We'll never know how many terror suspects got in, says May
Theresa May, the British Home Secretary, admitted last night that the number of people who entered the country without being checked against a Home Office database of terror suspects and illegal immigrants will never be known.
Mrs May said she had launched three inquiries as she told MPs senior staff had extended a pilot scheme she had authorised in April designed to focus checks on high-risk passengers entering the UK.
She told the House of Commons that senior officials had "let down" hard-working staff and promised that those found guilty of relaxing checks without authorisation from ministers would be punished.

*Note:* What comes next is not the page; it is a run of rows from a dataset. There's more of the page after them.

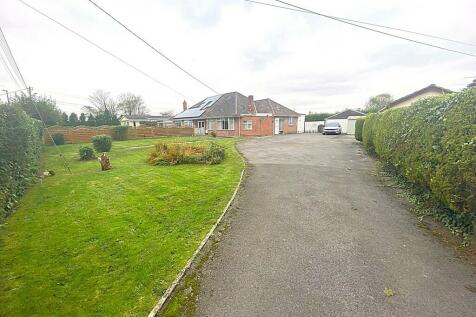 3 bedroom semi-detached bungalow for sale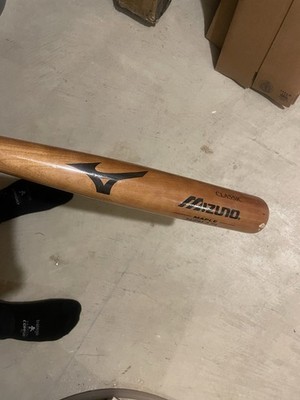 Mizuno Elite Maple Wood Bat MZM 271,  28 inches
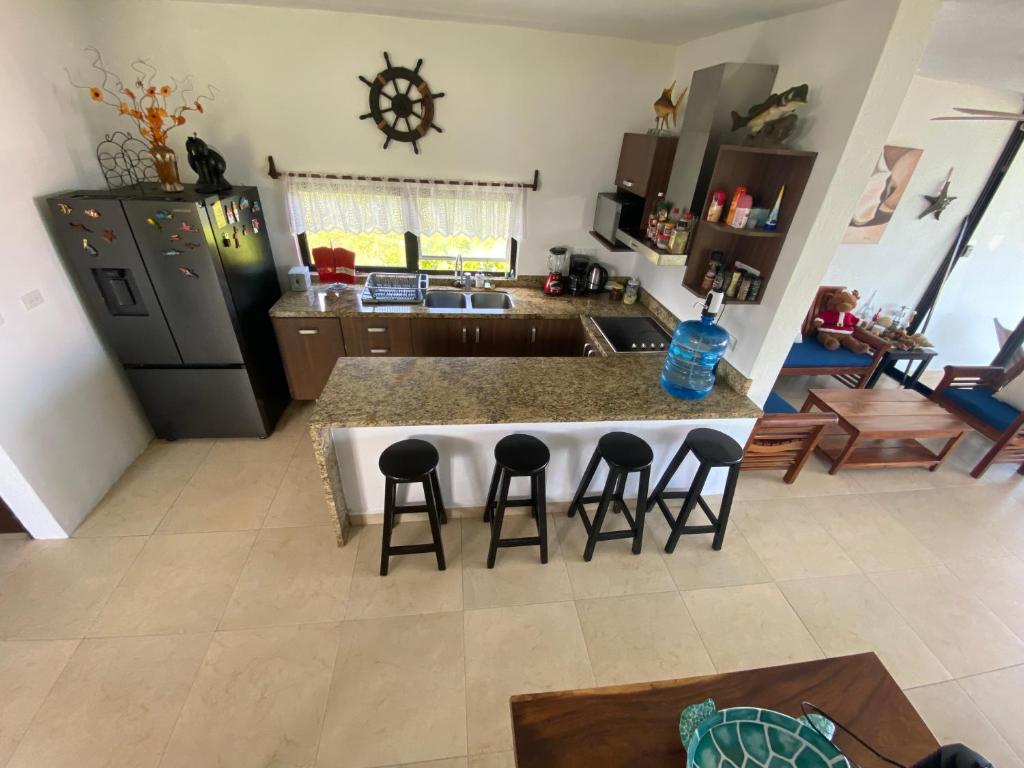 Escape to Paradise, Minimalist 4-BR Beachfront, 300 Mbps with amazing views - 四居室房屋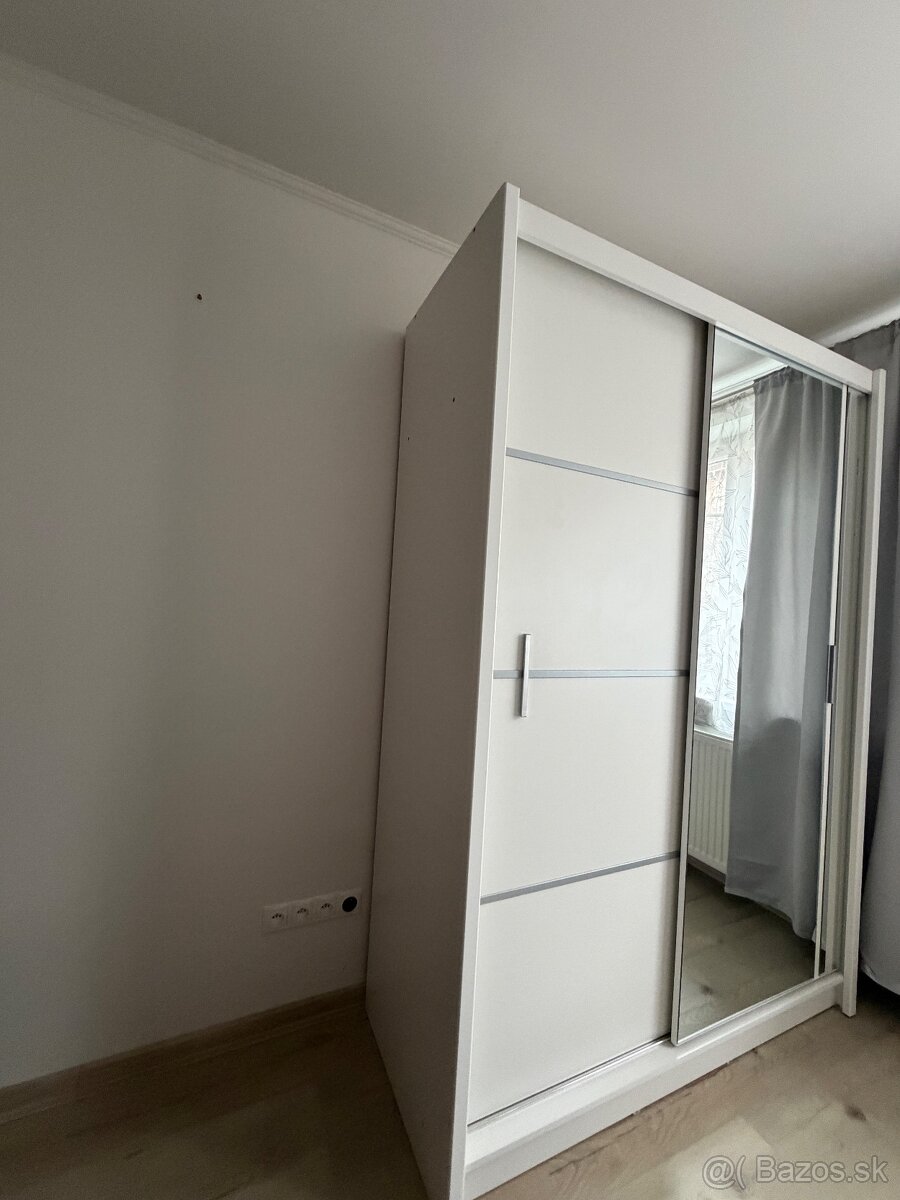 Šatníková skrina - 3
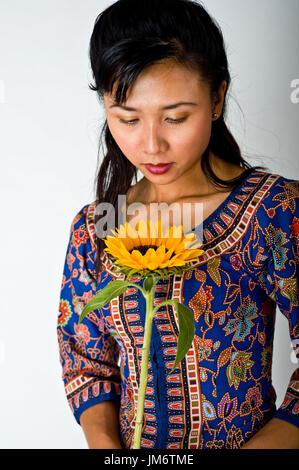 Belle jeune fille en costume traditionnel de Singapour Banque D'Images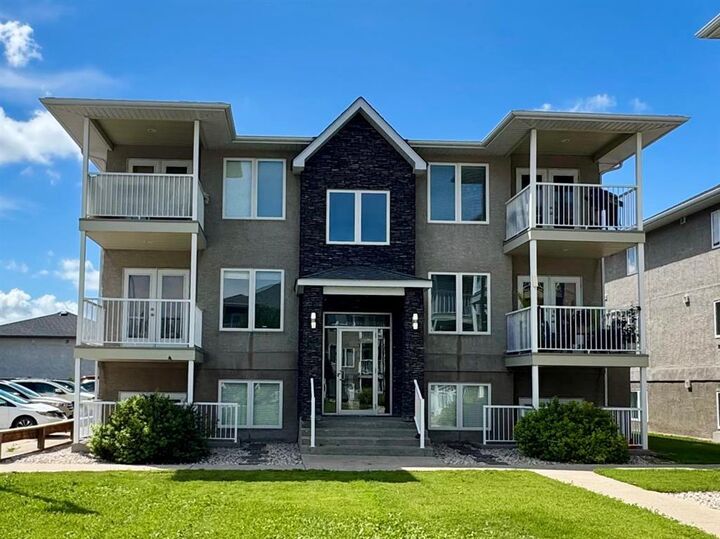 37 Willow Street — photo 1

Mrs May said UK border force head Brodie Clark "authorised the wider relaxation of border controls without ministerial sanction".
Mr Clark has since been suspended amid reports that border guards were told this summer not to bother checking fingerprints and other personal details against a Home Office database.
Mrs May said in July she agreed the UK Border Agency (UKBA) could "pilot a scheme that would allow officials to target intelligence-led checks on higher-risk categories of travellers".
Under the scheme, European children, "travelling with their parents or as part of a school group, would be checked against the warnings index -- designed to detect terrorists and serious criminals -- when assessed by a border force official to be a credible risk", Mrs May said.
"The pilot also allowed, under limited circumstances, border force officials the discretion to judge when to open the biometric chip -- which contains a second photograph and no further information -- on the passports of EEA nationals.
But on Wednesday last week, Mr Clark confirmed to Rob Whiteman, the UKBA chief executive, that "border controls had been relaxed without ministerial approval".
Biometric checks on European nationals and warnings- index checks on children from the EU "were abandoned on a regular basis, without ministerial approval," Mrs May said.
Adults were not checked against the warnings index at Calais, and the fingerprint checks of non-EEA nationals from countries that require a visa were stopped, she said.
"I did not give my consent or authorisation for any of these decisions," Mrs May told MPs.
"Indeed I told officials explicitly that the pilot was to go no further than we had agreed."
The pilot scheme, which had been due to end on Friday, was suspended when the unauthorised relaxation of the control was confirmed, Mrs May said.
Graeme Kyle, the border force's director of operations at Heathrow, and Carole Upshall, director of the force's south and European operations, were also suspended from duty "on a precautionary basis", she said.
Mrs May added: "Our task now is to make sure that those responsible are punished and to make sure that Border Force officials can never take such risks with border security again. That is what I am determined to do."